Rosa₂ is in the domain of She₁ and is not a pronoun.

theorem Phenomena.Anaphora.Studies.Reinhart1976.paradigm_11c_permitted : corefPermittedAddr false true [Compare.Dir.L] [Compare.Dir.R, Compare.Dir.R, Compare.Dir.L] = true

(11c) Rosa₁ denied that she₂ has met the Shah: coref permitted.

she₂ is in the domain of Rosa₁ but IS a pronoun.

theorem Phenomena.Anaphora.Studies.Reinhart1976.paradigm_11d_permitted : corefPermittedAddr true true [Compare.Dir.L] [Compare.Dir.R, Compare.Dir.R, Compare.Dir.L] = true

(11d) She₁ denied that she₂ has met the Shah: coref permitted.

she₂ is in the domain of She₁ but IS a pronoun.

Restriction (10a) — the pronoun-specific formulation (p. 14)

Two NP's in a non strict reflexive environment can be coreferential just in case one is a pronoun, the other is not and the non-pronoun is not in the domain of the pronoun.

(10a) applies only to pairs consisting of a pronoun and a full NP. It says nothing about pairs of two full NPs or two pronouns.

@cite{reinhart-1976} argues (pp. 14-17) that (10b) is strictly superior: (10a) fails to block coreference between two full NPs when one is in the domain of the other (the (11a) case).

def Phenomena.Anaphora.Studies.Reinhart1976.corefPermitted_10a (isPronA isPronB : Bool) (addrA addrB : Compare.Address) : Bool

Restriction (10a): applies only to pronoun–full NP pairs.

When exactly one NP is a pronoun, the non-pronoun must not be in the c-command domain of the pronoun. When both are pronouns or both are full NPs, (10a) does not apply (returns true).

Equations

• One or more equations did not get rendered due to their size.

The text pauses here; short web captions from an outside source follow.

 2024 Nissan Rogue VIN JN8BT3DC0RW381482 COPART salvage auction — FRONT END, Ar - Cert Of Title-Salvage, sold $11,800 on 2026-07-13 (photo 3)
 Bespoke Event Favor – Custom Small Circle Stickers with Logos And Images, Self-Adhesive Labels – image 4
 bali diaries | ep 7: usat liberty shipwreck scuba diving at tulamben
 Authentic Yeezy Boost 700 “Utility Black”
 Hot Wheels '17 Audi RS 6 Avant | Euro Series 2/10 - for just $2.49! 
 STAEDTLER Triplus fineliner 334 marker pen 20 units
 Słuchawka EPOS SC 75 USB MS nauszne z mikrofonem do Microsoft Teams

theorem Phenomena.Anaphora.Studies.Reinhart1976.restriction_10a_vs_10b : corefPermitted_10a false false [Compare.Dir.L] [Compare.Dir.R, Compare.Dir.R, Compare.Dir.L] = true ∧ corefPermittedAddr false false [Compare.Dir.L] [Compare.Dir.R, Compare.Dir.R, Compare.Dir.L] = false

Non-equivalence of (10a) and (10b): (10a) fails on the (11a) case.

(10a) cannot block coreference between two full NPs (Rosa₁ ... Rosa₂), because (10a) only applies to pronoun–full NP pairs. (10b) correctly blocks it because Rosa₂ is in the domain of Rosa₁ and is not a pronoun.

theorem Phenomena.Anaphora.Studies.Reinhart1976.restriction_10b_subsumes_10a (isPronA isPronB : Bool) (addrA addrB : Compare.Address) : corefPermitted_10a isPronA isPronB addrA addrB = false → corefPermittedAddr isPronA isPronB addrA addrB = false

(10b) subsumes (10a): whenever (10a) blocks coreference, (10b) does too.

The converse fails (as restriction_10a_vs_10b shows), so (10b) is strictly more restrictive than (10a).